Plan Assets include the assets held by the Defined Benefit Plan in an employee benefits fund, or any insurance policy that is designed for employee benefit schemes.

Actuarial Gains/Losses are the changes in the DBO due to changes in actuarial assumptions. When accounting for defined benefit plans and post-employment benefits, certain assumptions have to be made on factors such as salary growth rate, attrition rate etc. Changes in these assumptions results in actuarial gain/loss. For example, salary growth rate of a company may fall from 10% to 3% due to economic slowdown. The gain or loss due to this change is known as actuarial gain/loss. These are treated as unrealised gains or losses, and is not debited to the profit and loss account but is captured in the Other Comprehensive Income (OCI).

Accounting for DBO

In the Profit and Loss account, the following components are recognised:

Under the head Service Cost: the current service cost, past service costs, settlements and curtailments (if any);

Under the head Net Interest Cost: Net Interest expense on DBO, Interest on Plan Assets, and interest on the effect of asset ceiling;

Additionally, any administrative expenses and taxes.

Accounting For Other Long Term Employee Benefits

Employee Benefits that are expected to be settled after 12 months from from the end of the period in which the services are rendered, but are not a post-employment benefits or termination/retrenchment benefit are called Other Long Term Employee Benefits . For example, the employee may be entitled to a loyalty bonus after working for 10 years. This is an Other Long Term Employee Benefit. Other examples include long service award or jubilee awards, long term compensated absences, and long term disability benefits.

Other Long Term Employee Benefits are accounted using the Projected Unit Credit Method in a similar method as that of Defined Benefit Plans, however the actuarial gains and losses arising out of Other Long Term Employee Benefit plans are not considered under the OCI but are considered in the profit and loss account. The components charged to the profit and loss account are service cost, net interest on the net defined benefit liability,

Accounting For Termination Benefits

Termination benefits arise when an employee is terminated by the employer or when an employee accepts the employer’s offer of benefits in exchange of termination of employment. This is different to post-employment benefits. Classic example of termination benefits is retrenchment compensation where the employee has no option to accept the termination. Voluntary Retirement Scheme is also an example of termination benefits where the employees are due a compensation and in return accept early retirement.
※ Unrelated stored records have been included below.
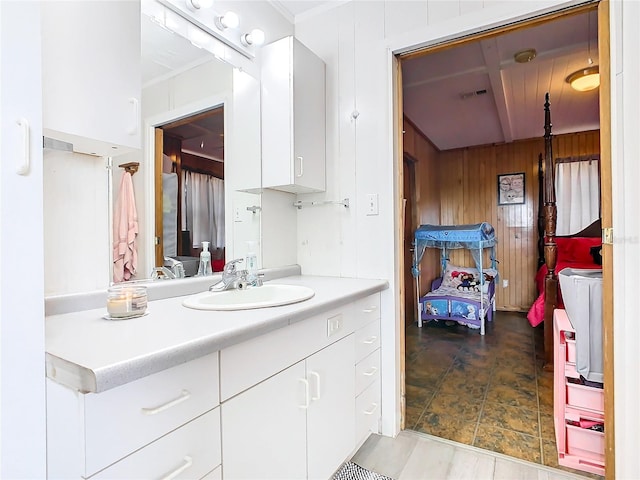 bathroom featuring wood walls, tile patterned floors, ornamental molding, and vanity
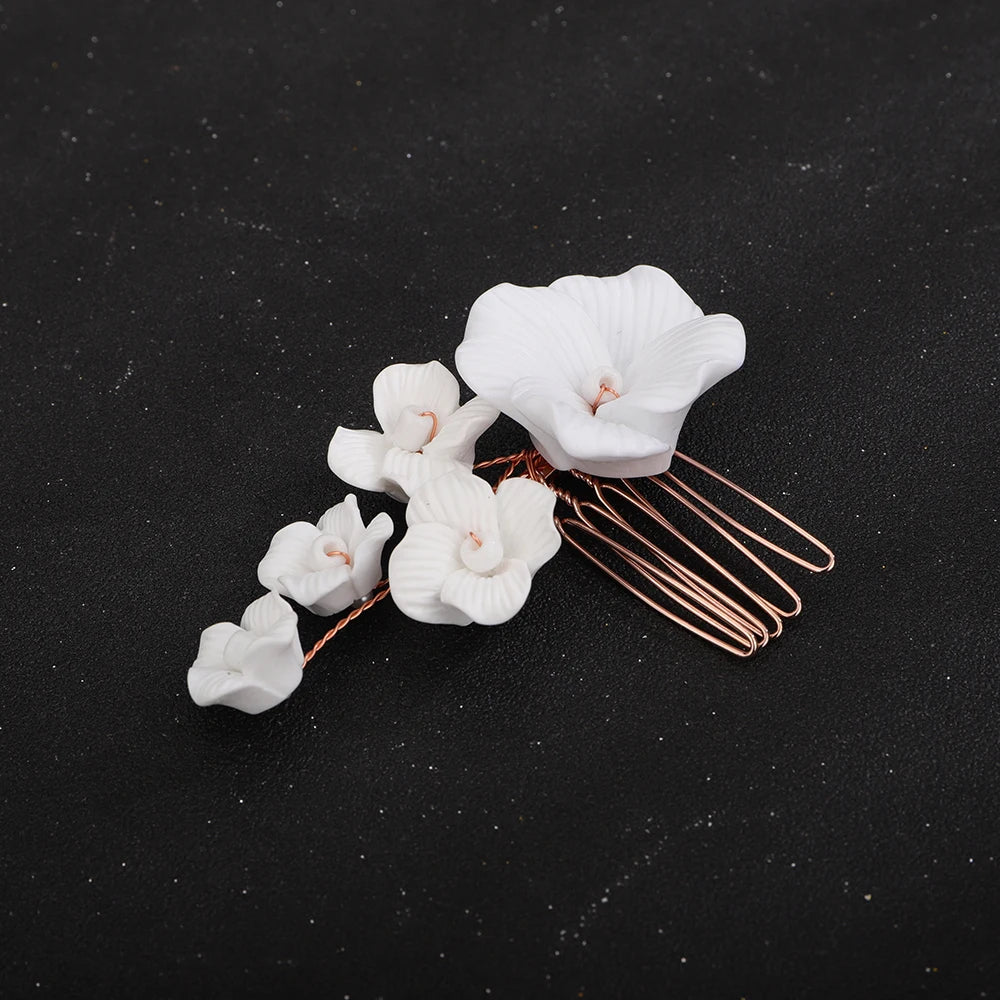 White orchid blossom bridal hair comb with rose-gold prongs and clustered mini flowers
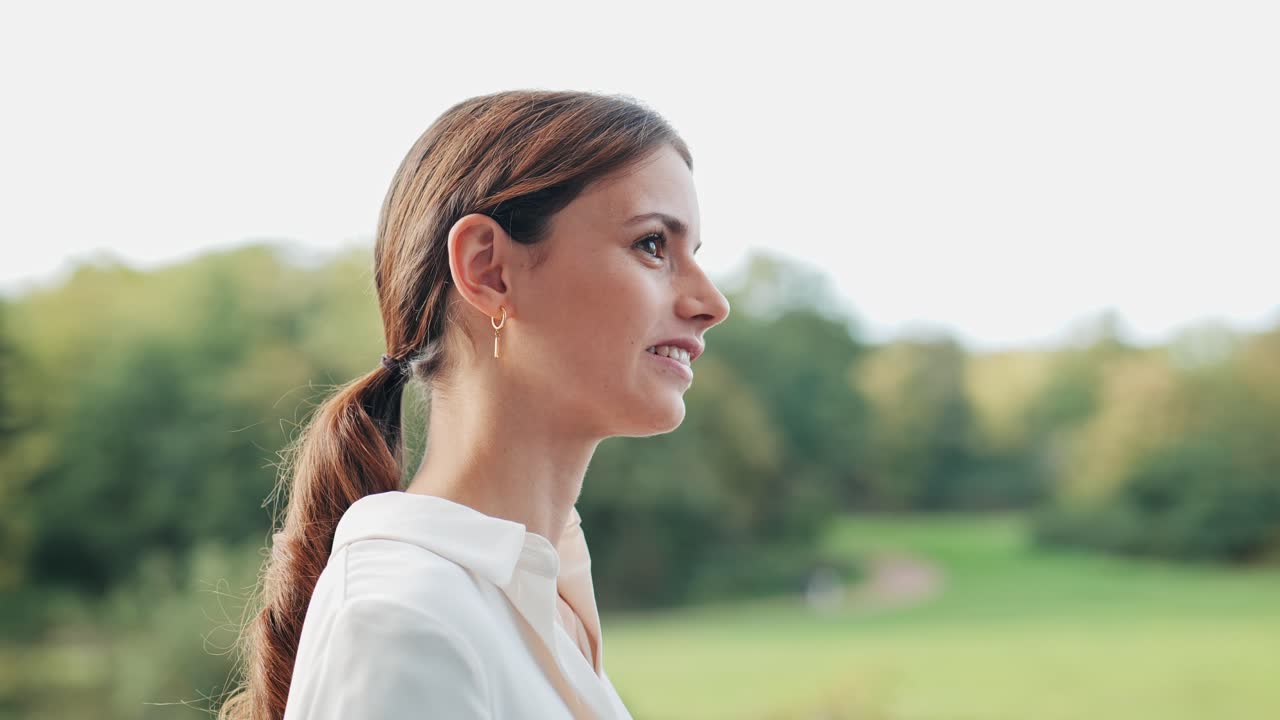 A businesswoman stands outside and listens to her colleagues' conversation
Termination Benefits are to be recognised on the earlier date of when the company can no longer withdraw the offer of the termination benefits, or when the company recognises costs for restructuring which involves the payment of termination benefits. For instance, a company may face debt restructuring and accordingly, several employees would have to be laid off, and the termination benefits would be recognised.
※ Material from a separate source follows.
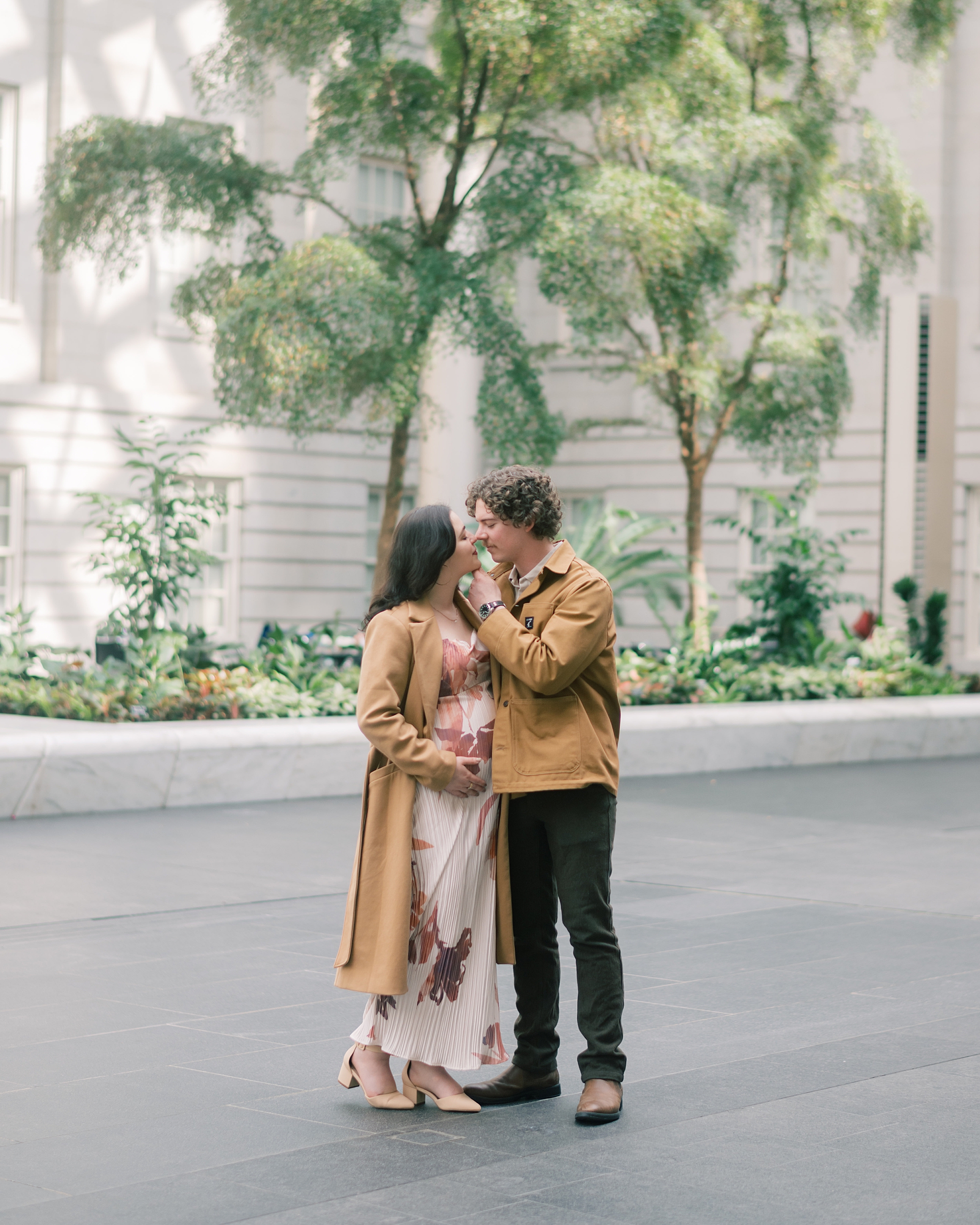man and woman kiss during maternity portraits in Washington DC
Measurement of Termination Benefits

Termination Benefits are measured based on the criteria considering if they are an enhancement to post-employment benefits. If they are an enhancement to post-employment benefits (for instance payable after retirement), then they are accounted as per Defined Contribution Plan or Defined Benefit Plan, as the case maybe. If they are not an enhancement to post-employment benefits, based on whether the termination benefits are expected to be settled within 12months they are accounted as either Short Term Employee Benefits (for cases when the settlement is within 12 months) or Other Long Term Employee Benefits (for other cases).